Von den vier Tagedieben.

Mündlich und nach dem historischen Weltspiegel.

Ein reicher Kaufmann ritt nach Braunschweig zur Messe. Als er vor das Thor kam, fand er vier Bettler am Wege sitzen, welche ihn nach ihrer Gewohnheit um Gabe und Almosen anriefen. Der Kaufmann hob an und sagte: "Wenn ich wüßte, wer unter euch der Faulste ist, und wer von euch in seinem Leben am wenigsten gearbeitet hat; so schenkte ich demselben einen Thaler." Da antwortete der erste Bettler: "Der Thaler ist mein; denn ich bin so verdroßen, daß mir danach zu langen oder einen Finger zu regen zu beschwerlich ist, und daß ich lieber verhungern wollte, als mich bücken, wenn er da im Graben läge." Der andere sprach: "Ich bin noch fauler; denn wenn mir schon der Thaler auf den Schoß gelegt würde, so möchte ich doch meinen Beutel nicht aufmachen und ihn hineinstecken; ja, wenn man ihn mir in den Beutel steckte, so wollte ich lieber verdursten, als ihn hervorholen." Der dritte fieng an und sagte: "Und ich wollte meine Augen nicht zuthun, wenn es mir gleich d'reinregnete, und meinen Mund nicht schließen, obschon Kröten und Spinnen hineinkröchen." Endlich sagte der vierte: "Der Thaler gehört mir; denn ich bin am allerfaulsten, und will es jetzt darthun, daß es wahr sei.

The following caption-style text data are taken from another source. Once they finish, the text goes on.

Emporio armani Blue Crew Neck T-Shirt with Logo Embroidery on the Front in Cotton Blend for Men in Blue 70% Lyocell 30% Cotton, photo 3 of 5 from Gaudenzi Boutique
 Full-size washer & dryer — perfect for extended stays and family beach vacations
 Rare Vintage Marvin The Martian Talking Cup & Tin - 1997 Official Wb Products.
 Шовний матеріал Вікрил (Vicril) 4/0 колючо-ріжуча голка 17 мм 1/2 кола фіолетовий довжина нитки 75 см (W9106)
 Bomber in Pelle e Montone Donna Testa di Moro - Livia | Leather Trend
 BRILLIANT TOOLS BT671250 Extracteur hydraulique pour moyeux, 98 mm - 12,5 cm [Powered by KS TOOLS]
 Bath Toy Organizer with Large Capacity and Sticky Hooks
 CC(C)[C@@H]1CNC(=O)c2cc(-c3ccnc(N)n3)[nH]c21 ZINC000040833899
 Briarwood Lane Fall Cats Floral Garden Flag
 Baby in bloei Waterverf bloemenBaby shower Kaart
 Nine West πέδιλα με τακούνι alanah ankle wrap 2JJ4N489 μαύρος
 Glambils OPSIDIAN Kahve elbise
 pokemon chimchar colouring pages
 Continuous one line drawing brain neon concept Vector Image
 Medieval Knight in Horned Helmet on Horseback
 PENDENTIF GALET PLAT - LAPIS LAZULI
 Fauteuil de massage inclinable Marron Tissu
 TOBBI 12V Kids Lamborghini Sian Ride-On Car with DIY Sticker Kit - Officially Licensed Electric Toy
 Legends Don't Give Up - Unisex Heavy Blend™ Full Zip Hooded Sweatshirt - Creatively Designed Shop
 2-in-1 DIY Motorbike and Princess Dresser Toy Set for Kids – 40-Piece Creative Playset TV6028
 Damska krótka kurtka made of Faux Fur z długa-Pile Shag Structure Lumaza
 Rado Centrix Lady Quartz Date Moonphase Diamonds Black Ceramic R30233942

Wenn mich der Henker am Strange führte und schleppte mich die Leiter hinauf an den Galgen, und man wollte mich losschneiden und mich davonlaufen laßen; so möchte ich doch vor Faulheit solches nicht annehmen und wollte mich lieber dreimal hängen laßen, als einmal einen Fuß aufheben, um fortzugehen." - Nachdem der Kaufmann solche Reden angehört hatte, sprach er, indem er den Gaunern einen blanken Thaler hinwies: "Da ich zwar wohl vom Pferde hinunter-, jedoch nicht gut wieder heraufkommen könnte, ihr aber es nicht über euch zu gewinnen vermögt, euch herzubemühen; so thut es mir leid, euch den Thaler nicht einhändigen zu können." Als nun aber alle vier auf ihn losstürmten, um das Geschenk entgegenzunehmen; da peitschte er sie mit seiner Gerte durch und sagte: "Schon, wer nicht Lust hat zur Arbeit, ist eine nichtsnutzige Kreatur; wer sich aber gar seiner Faulheit rühmt, ist nicht werth, daß ihn die Hunde beschnüffeln! Deshalb begabe euch der Teufel; von mir wird euch kein Pfennig, viel weniger noch ein Thaler werden." Sprach es, gab seinem Pferde die Sporen und jagte davon; und die Bettler machten ein Gesicht wie eine Elle so lang, und so unwirsch wie ein Sauerkohltopf.

Quelle: Märchen und Sagen aus Hannover, Carl und Theodor Colshorn, Hannover 1854, Nr. 83, S. 236 - 237.